In addition, new risks and uncertainties emerge from time to time, and it is not possible for Aircastle to predict or assess the impact of every factor that may cause its actual results to differ from those contained in any forward-looking statements. Such forward-looking statements speak only as of the date of this document. Aircastle expressly disclaims any obligation to revise or update publicly any forward-looking statement to reflect future events or circumstances.
Additional Information and Where to Find It
In connection with the proposed merger, Aircastle intends to file relevant materials with the SEC, including a preliminary proxy statement on Schedule 14A, and Aircastle and certain other persons, including Marubeni, intend to file a Schedule13E-3 transaction statement with the SEC. Following the filing of the definitive proxy statement with the SEC, Aircastle will mail the definitive proxy statement and a proxy card to each shareholder entitled to vote at the special meeting relating to the proposed merger. INVESTORS ARE URGED TO READ THE PROXY STATEMENT AND THE SCHEDULE13E-3 WHEN THEY BECOME AVAILABLE BECAUSE THEY WILL CONTAIN IMPORTANT INFORMATION. Investors may obtain the proxy statement, as well as other filings containing information about Aircastle, free of charge, from the SEC’s Web site (www.sec.gov). Investors may also obtain Aircastle’s SEC filings in connection with the transaction, free of charge, by directing a request to Aircastle Limited, Attention: Investor Relations, 201 Tresser Boulevard, Suite 400, Stamford, CT 06901.
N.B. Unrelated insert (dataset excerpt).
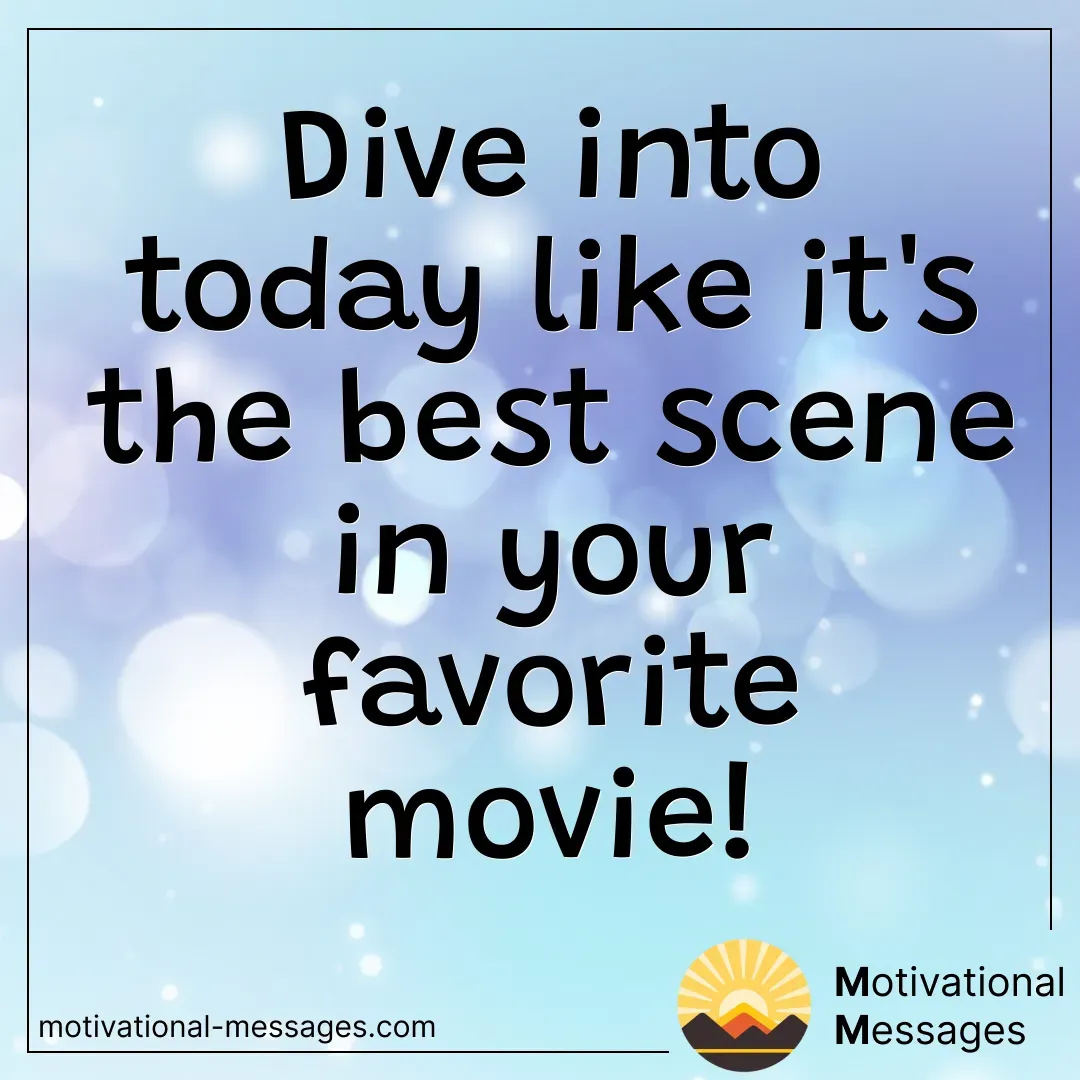 Dive into Today Blessing Card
Participants in the Merger Solicitation
Aircastle and its directors, executive officers and employees and certain other persons may be deemed to be participants in the solicitation of proxies in respect of the transaction. Information regarding Aircastle’s directors and executive officers is available in its definitive proxy statement for its 2019 annual meeting of shareholders filed with the SEC on April 4, 2019. This document can be obtained free of charge from the sources indicated above. Other information regarding the interests of the participants in the proxy solicitation will be included in the proxy statement relating to the transaction when it becomes available. This document does not constitute a solicitation of a proxy, an offer to purchase or a solicitation of an offer to sell any securities.